§ WORK TO COMPLETE
Extract precisely the lines of the entries below, from the first line through the line containing "Bottines noires isolées avec...".

§ §

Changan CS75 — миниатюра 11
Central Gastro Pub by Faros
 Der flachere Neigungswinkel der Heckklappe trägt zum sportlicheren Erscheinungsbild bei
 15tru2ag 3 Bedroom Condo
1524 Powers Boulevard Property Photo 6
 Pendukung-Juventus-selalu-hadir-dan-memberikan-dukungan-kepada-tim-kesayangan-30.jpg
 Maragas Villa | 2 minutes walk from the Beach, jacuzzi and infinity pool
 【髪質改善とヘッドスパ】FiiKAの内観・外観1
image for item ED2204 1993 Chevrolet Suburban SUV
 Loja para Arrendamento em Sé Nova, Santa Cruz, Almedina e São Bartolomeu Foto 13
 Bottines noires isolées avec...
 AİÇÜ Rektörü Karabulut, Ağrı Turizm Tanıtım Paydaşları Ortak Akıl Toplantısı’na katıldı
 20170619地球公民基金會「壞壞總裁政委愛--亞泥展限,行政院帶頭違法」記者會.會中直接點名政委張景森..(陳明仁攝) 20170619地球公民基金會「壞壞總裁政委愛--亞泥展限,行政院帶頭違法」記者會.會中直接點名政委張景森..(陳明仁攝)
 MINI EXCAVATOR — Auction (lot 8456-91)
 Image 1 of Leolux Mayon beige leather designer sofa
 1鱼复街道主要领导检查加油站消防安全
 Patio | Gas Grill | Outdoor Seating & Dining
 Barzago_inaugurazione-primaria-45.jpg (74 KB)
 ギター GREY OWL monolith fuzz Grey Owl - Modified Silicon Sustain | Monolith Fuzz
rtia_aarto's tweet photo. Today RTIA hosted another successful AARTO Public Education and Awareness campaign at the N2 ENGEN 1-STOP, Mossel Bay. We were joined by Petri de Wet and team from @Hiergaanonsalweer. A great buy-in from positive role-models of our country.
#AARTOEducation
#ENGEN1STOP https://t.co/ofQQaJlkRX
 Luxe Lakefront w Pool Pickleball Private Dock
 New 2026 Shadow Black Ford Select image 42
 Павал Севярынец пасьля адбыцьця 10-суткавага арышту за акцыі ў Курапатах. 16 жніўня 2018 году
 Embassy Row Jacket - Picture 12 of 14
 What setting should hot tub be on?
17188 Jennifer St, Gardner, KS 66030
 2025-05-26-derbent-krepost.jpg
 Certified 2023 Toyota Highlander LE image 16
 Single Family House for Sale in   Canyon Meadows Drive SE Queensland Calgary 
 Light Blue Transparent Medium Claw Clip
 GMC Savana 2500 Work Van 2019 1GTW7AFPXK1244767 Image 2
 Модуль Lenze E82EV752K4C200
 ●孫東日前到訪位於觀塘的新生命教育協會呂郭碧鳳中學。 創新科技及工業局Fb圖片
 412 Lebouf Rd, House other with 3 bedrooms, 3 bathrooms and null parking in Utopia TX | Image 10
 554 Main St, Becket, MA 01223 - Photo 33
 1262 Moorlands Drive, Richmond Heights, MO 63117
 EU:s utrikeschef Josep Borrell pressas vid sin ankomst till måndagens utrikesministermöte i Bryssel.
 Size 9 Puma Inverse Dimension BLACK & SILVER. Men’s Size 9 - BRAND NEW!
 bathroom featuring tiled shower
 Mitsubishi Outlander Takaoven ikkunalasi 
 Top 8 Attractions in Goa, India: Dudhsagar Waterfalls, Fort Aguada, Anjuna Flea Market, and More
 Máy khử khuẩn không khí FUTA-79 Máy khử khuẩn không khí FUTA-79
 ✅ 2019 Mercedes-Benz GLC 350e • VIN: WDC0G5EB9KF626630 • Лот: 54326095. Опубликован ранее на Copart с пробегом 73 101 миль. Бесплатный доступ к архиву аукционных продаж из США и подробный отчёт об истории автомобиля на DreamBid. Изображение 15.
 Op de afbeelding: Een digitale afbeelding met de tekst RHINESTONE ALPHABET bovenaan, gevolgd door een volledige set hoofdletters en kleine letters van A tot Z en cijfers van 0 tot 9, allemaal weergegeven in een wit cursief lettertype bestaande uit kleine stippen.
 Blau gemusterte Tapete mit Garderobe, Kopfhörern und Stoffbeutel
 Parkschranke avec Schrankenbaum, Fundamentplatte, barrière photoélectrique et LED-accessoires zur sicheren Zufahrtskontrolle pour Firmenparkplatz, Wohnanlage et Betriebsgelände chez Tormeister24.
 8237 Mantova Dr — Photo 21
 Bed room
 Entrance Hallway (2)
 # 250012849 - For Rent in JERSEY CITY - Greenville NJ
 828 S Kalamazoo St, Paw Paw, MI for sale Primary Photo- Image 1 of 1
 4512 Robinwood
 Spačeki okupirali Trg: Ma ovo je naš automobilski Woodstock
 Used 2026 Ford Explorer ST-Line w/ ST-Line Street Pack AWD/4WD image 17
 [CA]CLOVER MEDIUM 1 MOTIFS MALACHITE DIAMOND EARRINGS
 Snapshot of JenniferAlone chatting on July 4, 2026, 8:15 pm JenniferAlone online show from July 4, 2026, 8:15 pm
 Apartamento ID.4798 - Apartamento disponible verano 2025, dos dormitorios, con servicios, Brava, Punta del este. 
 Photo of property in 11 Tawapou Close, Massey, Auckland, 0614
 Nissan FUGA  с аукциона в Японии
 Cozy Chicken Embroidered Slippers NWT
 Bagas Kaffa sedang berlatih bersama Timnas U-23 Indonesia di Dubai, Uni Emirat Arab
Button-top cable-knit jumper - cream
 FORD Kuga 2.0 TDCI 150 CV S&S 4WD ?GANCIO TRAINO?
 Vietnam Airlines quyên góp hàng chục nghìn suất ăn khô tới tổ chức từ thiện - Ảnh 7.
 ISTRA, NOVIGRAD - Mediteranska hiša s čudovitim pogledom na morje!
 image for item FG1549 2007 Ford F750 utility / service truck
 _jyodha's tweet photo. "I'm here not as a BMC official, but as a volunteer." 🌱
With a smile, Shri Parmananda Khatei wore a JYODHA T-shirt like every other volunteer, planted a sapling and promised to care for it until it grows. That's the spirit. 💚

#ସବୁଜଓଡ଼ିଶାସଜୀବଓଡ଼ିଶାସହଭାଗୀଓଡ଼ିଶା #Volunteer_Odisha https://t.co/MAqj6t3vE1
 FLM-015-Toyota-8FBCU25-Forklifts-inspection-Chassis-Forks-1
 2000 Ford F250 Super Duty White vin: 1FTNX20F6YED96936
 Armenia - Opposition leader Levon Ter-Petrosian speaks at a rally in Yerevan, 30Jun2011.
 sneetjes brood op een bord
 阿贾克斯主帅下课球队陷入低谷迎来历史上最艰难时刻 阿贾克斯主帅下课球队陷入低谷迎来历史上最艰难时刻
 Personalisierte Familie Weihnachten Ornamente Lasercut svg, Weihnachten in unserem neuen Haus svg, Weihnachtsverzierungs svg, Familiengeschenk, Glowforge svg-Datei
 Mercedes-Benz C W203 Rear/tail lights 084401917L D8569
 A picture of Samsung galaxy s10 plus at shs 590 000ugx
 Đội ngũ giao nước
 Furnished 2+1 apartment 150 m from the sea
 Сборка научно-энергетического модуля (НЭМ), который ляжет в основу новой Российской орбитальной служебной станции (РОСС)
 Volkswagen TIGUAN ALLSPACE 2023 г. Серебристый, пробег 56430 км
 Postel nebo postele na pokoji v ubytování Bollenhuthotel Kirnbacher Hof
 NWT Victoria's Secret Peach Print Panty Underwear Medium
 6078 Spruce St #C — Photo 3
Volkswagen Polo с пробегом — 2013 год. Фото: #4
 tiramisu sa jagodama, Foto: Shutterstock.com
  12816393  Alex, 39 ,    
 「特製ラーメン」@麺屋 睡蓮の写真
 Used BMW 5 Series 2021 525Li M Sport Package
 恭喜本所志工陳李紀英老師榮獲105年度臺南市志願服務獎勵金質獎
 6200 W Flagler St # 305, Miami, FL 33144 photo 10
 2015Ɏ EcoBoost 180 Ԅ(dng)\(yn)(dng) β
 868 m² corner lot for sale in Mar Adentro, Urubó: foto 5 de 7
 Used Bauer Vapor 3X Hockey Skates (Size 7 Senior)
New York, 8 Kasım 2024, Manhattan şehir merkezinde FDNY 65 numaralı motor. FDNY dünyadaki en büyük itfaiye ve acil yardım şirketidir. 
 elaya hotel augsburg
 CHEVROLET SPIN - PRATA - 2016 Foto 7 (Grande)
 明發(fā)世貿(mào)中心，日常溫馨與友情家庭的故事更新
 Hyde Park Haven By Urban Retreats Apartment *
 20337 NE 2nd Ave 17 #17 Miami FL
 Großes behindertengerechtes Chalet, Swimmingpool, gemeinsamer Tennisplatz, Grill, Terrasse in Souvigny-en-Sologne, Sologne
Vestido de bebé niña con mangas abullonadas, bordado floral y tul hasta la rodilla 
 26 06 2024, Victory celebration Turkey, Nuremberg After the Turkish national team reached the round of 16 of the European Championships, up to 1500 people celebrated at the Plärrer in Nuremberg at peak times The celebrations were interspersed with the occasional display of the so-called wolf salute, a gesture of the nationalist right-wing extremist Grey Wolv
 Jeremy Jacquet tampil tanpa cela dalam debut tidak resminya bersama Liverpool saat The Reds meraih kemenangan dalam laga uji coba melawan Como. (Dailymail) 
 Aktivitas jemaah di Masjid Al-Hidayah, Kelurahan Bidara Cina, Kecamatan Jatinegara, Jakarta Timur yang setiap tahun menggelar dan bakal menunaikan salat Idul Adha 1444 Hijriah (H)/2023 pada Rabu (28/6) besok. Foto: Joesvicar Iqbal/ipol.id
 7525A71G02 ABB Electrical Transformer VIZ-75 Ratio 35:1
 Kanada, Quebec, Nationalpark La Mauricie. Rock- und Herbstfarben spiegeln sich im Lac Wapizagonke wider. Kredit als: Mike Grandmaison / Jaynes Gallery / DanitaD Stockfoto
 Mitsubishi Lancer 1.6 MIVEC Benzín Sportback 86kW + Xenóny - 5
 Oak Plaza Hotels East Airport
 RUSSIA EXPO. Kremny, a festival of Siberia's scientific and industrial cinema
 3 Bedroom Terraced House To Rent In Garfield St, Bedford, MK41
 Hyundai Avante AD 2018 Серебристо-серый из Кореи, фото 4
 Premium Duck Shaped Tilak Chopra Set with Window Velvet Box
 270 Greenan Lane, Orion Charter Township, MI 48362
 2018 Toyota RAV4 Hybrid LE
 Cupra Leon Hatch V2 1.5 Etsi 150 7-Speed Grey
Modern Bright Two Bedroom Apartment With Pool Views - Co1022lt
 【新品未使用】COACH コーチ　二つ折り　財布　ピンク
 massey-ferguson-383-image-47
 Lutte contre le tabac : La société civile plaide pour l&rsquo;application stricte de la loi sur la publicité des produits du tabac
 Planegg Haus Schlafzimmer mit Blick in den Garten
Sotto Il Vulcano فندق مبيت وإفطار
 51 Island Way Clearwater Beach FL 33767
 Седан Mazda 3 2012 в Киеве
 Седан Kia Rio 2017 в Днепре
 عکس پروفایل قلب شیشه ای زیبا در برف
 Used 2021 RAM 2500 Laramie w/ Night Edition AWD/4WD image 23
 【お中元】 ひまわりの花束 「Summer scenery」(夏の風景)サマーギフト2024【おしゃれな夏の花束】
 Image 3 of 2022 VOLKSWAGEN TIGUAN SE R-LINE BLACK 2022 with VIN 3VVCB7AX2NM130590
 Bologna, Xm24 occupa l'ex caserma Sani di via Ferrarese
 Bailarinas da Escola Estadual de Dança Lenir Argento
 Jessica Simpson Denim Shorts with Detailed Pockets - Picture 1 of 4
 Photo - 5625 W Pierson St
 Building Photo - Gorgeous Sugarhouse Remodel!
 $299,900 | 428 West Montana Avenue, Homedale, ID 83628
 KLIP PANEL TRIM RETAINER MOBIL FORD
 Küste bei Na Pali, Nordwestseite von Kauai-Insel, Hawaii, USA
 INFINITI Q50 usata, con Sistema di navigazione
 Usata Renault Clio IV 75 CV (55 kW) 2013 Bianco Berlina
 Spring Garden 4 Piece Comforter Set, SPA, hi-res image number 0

§ §

§ ANSWER TO THIS PROBLEM
Changan CS75 — миниатюра 11
Central Gastro Pub by Faros
 Der flachere Neigungswinkel der Heckklappe trägt zum sportlicheren Erscheinungsbild bei
 15tru2ag 3 Bedroom Condo
1524 Powers Boulevard Property Photo 6
 Pendukung-Juventus-selalu-hadir-dan-memberikan-dukungan-kepada-tim-kesayangan-30.jpg
 Maragas Villa | 2 minutes walk from the Beach, jacuzzi and infinity pool
 【髪質改善とヘッドスパ】FiiKAの内観・外観1
image for item ED2204 1993 Chevrolet Suburban SUV
 Loja para Arrendamento em Sé Nova, Santa Cruz, Almedina e São Bartolomeu Foto 13
 Bottines noires isolées avec...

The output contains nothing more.